Vittoria nacque a Marino nei Castelli nel 1490 e morì a Roma nel 1547. Fu figlia di Fabrizio signore di Genazzano († 1520), illustre capitano di ventura. Sposò nel 1509 Ferrante d’Avalos, marchese di Pescara, cui venne fidanzata per ragioni politiche a 5 anni; dal matrimonio non ebbe figli, ma fu sempre fedele al marito, ne sopportò il mestiere e la vita di condottiero e quando morì nel 1515, dopo la battaglia di Pavia, provò straziante dolore. Espresse però da allora con forza la sua vocazione letteraria e in casa sua raccolse i migliori intellettuali del tempo. Assecondando anche una sincera spiritualità e a una fede ardente, non nascose il desiderio della riforma di una Chiesa:

d’alga e di fango omai sì carca
... e a rischio andar la barca
.

Per questa sua aspirazione, comune a tanti personaggi di sensibilità di un’epoca ormai prossima alla Riforma del Concilio di Trento (1545), e per l’incontro con gli eretici Giovanni de Valdés († 1542) e Bernardino Ochino († 1564) venne sospettata di aver favorito il protestantesimo. Fu difesa dal cardinale inglese Reginald Pole († 1558) che le consigliò di non addentrarsi troppo in questioni religiose.
Furono queste sue relazioni un altro motivo di dimenticanza se non di ostilità? Di fatto gli studi moderni pongono l’accento o propongono, con insistenza, una ambiguità e una contrapposizione che Vittoria Colonna non ebbe.
Il suo desiderio infatti non fu un cedere all’eresia, un voler entrare nelle “cose di religione”. Tutt’altro. Come raccontò su di lei, nell’interrogatorio, Pietro Carnesecchi eretico († 1567):

“Attribuiva molto alla grazia e alla fede in suoi ragionamenti. E d’altra parte nella vita e nelle azioni sue mostrava di tenere gran conto delle opere, facendo grandi elemosine ed usando carità universalmente con tutti” ...

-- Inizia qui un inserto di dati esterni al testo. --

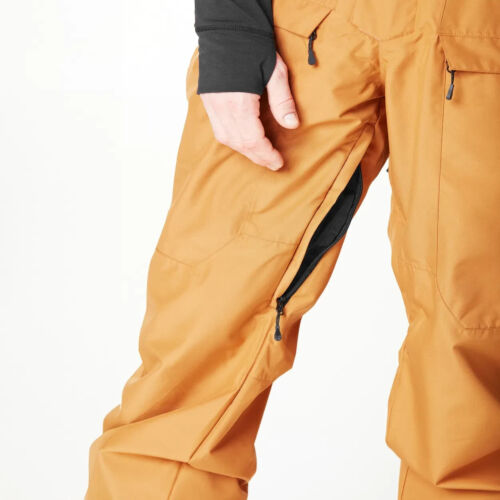 Picture Testy Bib Snow Pants - Men's - Medium / Brown Sugar - Picture 6 of 8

Non una deviazione dottrinale, dunque, ma il credere e voler vedere uno spirito divino:

che purga e rinnova
Dal lezzo antico l’alma vera Chiesa
.

“L’indole di questa Chiesa ... governata dal successore di Pietro non era alterata” ma, come lei scrisse al cardinale Marcello Cervini (poi papa, † 1555), essa era per lei, “l’arca che salva ed assicura”, la “sposa del celeste imperador, nostra vera madre” (così Reumont nel libro su di lei del 1883).
La riprova della sua fede cattolica, fu concretamente nel culto alla Vergine e nell’invocazione dei santi, così poco amati dal protestantesimo.
Maria Santissima restò per lei la meravigliosa Madre del Signore e, negli immensi nostri affanni, la chiara e sicura stella che appare in questo sonetto:

Stella del nostro mar chiara, e secura,
che ’l Sol del paradiso in terra ornasti
del mortal sacro manto, anzi adombrasti
co ‘l vel virgineo tuo sua luce pura,

chi guarda al gran miracol più non cura
del mondo vile, e i vani empi contrasti
sdegna de l’hoste antico, poi ch’armasti
d’invitta alta virtù nostra natura.

Veggio il figliuol di Dio nudrirsi al seno
d’una vergine madre, ed hora insieme
risplender con la veste humana in Cielo;

onde là su nel sempre bel sereno
al beato s’accende il vivo zelo,
al fedel servo qui la cara speme.


Paola Ircani Menichini, 19 maggio 2023.